3. Feed-in-tariffs. In March Gainesville, Fla. replaced its renewable energy rebate program with a feed-in-tariff, guaranteeing the price of electricity generated from solar panels for the next 20 years. Supporters say the tariff, which spreads the cost for renewable energy over all customers, offers a far more stable financial regime than a rebate program, the model for most utilities and which, in Gainesville, the tariff replaced.
Germany is seen as the pioneer on this front, and officials at Gainesville Regional Utilities toured several different European solar models before committing. So it's worth noting that the German model started first at the municipal level, then went national.
4. The street plug.

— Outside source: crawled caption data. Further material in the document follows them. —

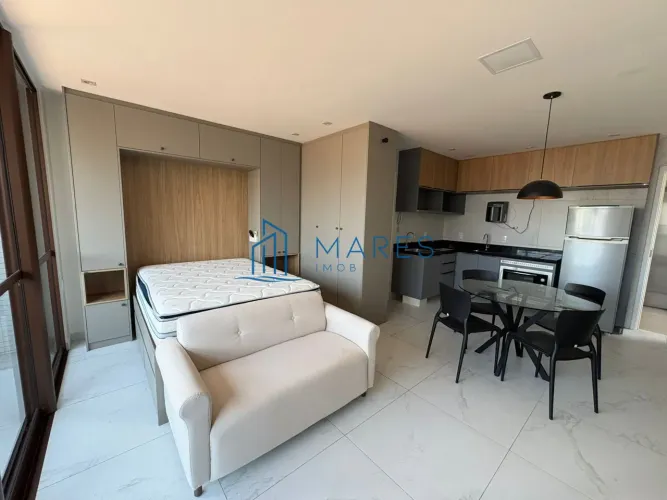 Studio de Alto Padrão Mobiliado na Aldeota
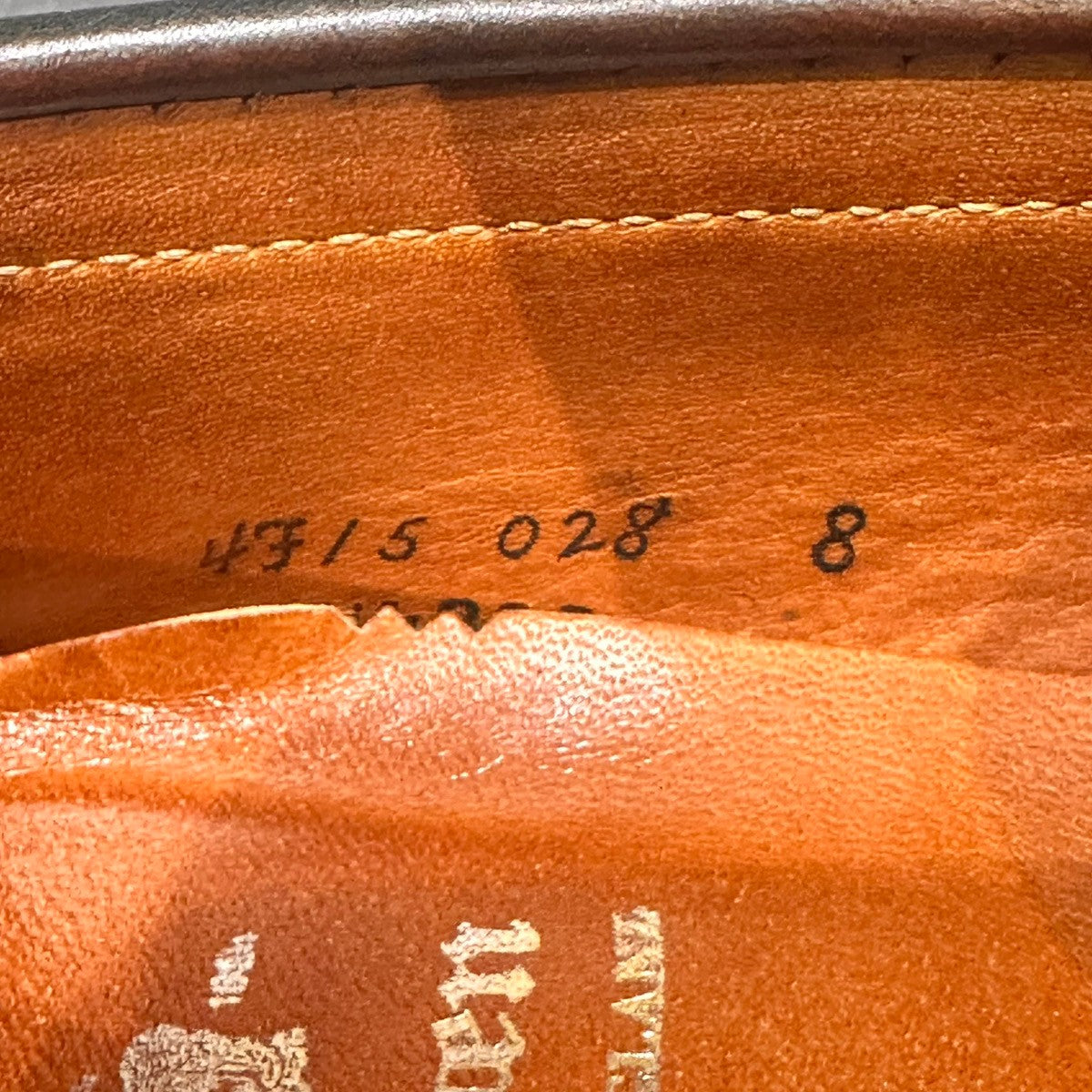 【ALDEN】オールデン N4202 ペニーローファー クロムエクセル ラバーソール ダークグリーン サイズUS8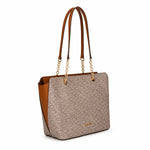 Calvin Klein Monogram Hailey Tote Bag Women - OLV - Olive
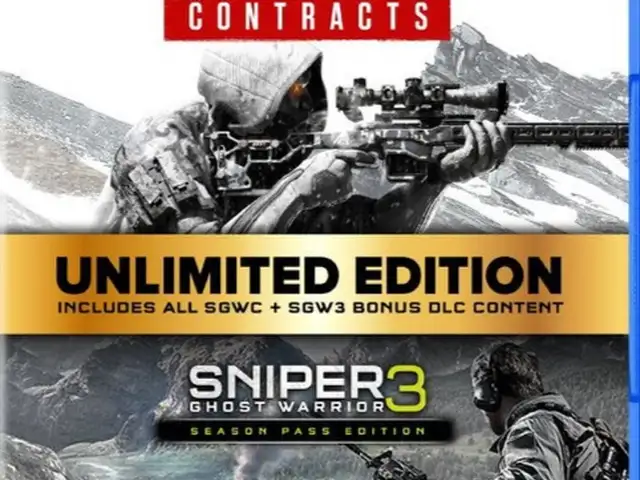 Игра Sniper Ghost Warrior Ultimate Edition для Sony PS4/PS5, Душанбе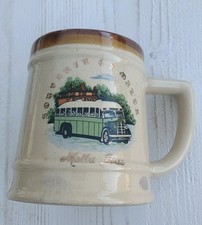 Malta Bus Decrotive Souvenir Mug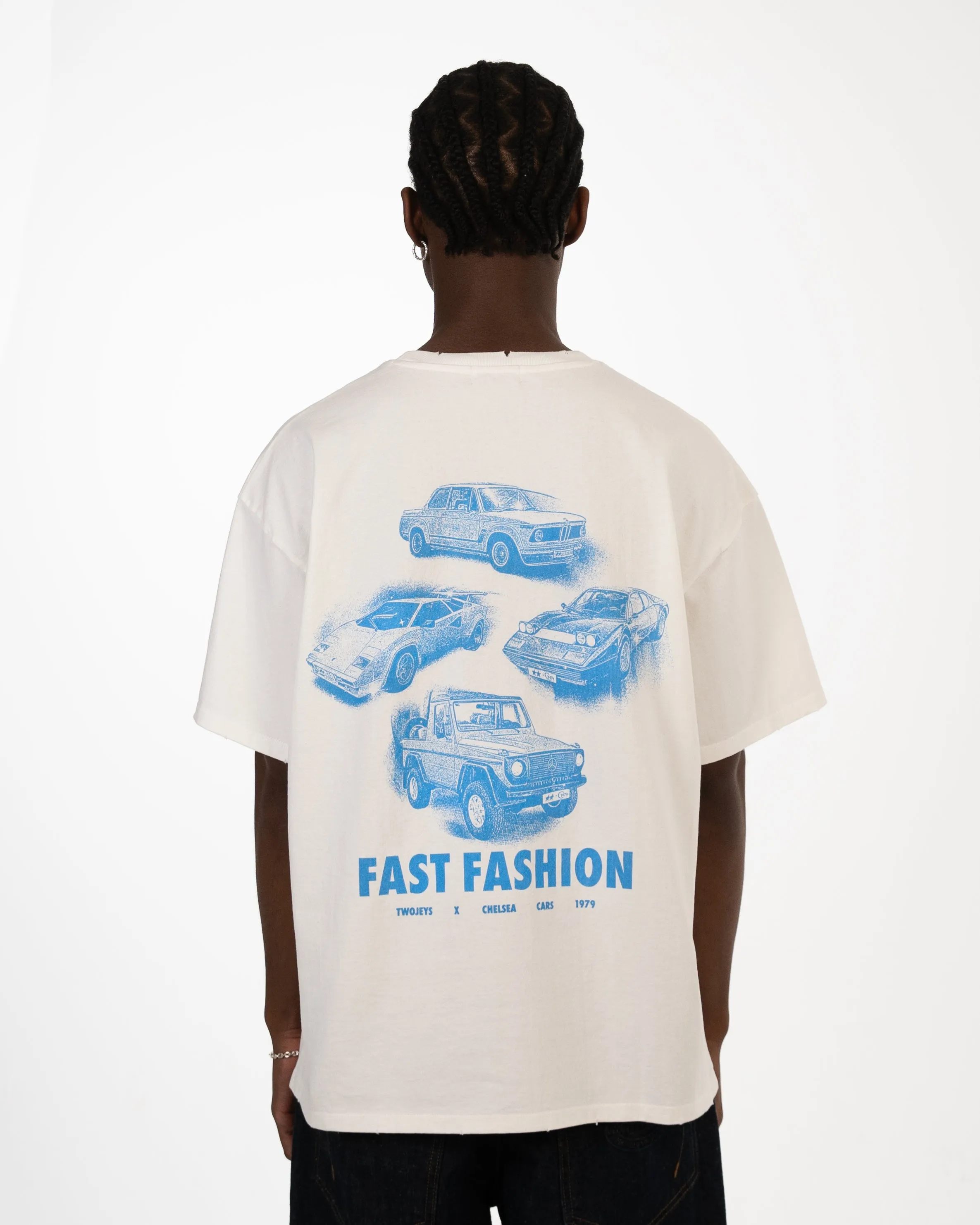 TwoJeys Chelsea Cars Tee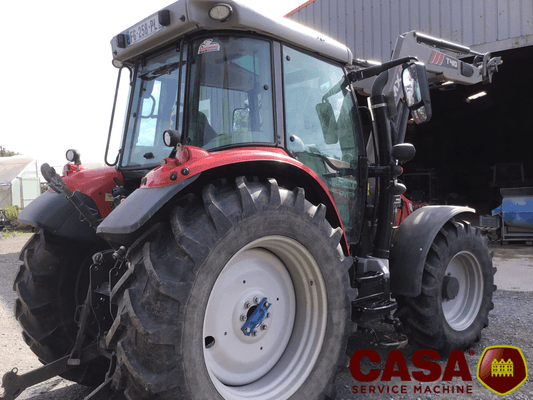 Tracteur agricole - 5713 S + Mailleux T410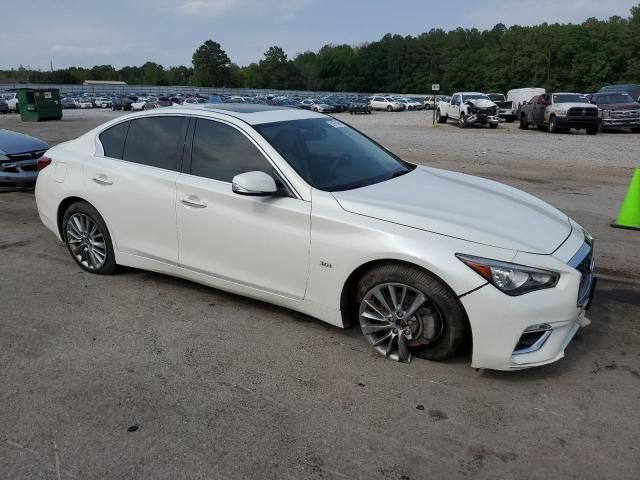 2018 Infiniti Q50 Luxe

Cities, pressed by pollution limits, are increasingly partnering with automakers to provide charging stations and other infrastructure to ease the transition to electric vehicles. And we're not talking San Francisco, Boulder, Seattle and other "green" communities.
As the Wall Street Journal reported earlier this month, Houston, Orlando and Indianapolis are all cultivating EVs. Cities and utilities are planning fast-charge stations and will offer home-charging kits and tailored rate plans.
5. Congestion pricing. Mayor Michael Bloomberg's plan to charge drivers for access to Manhattan during peak hours got slapped down by the state Assembly in 2008. But it's showing signs of life on the West Coast, as San Francisco, San Diego and Orange County, Calif., explore options.
And in reality, de-facto congestion pricing is already in place in Denver, Cape Coral, Fla., and other regions with dynamic tolls that charge based on traffic flow. "There is a consensus among economists," the U.S. Department of Transportation concludes, "that congestion pricing represents the single most viable and sustainable approach to reducing traffic congestion.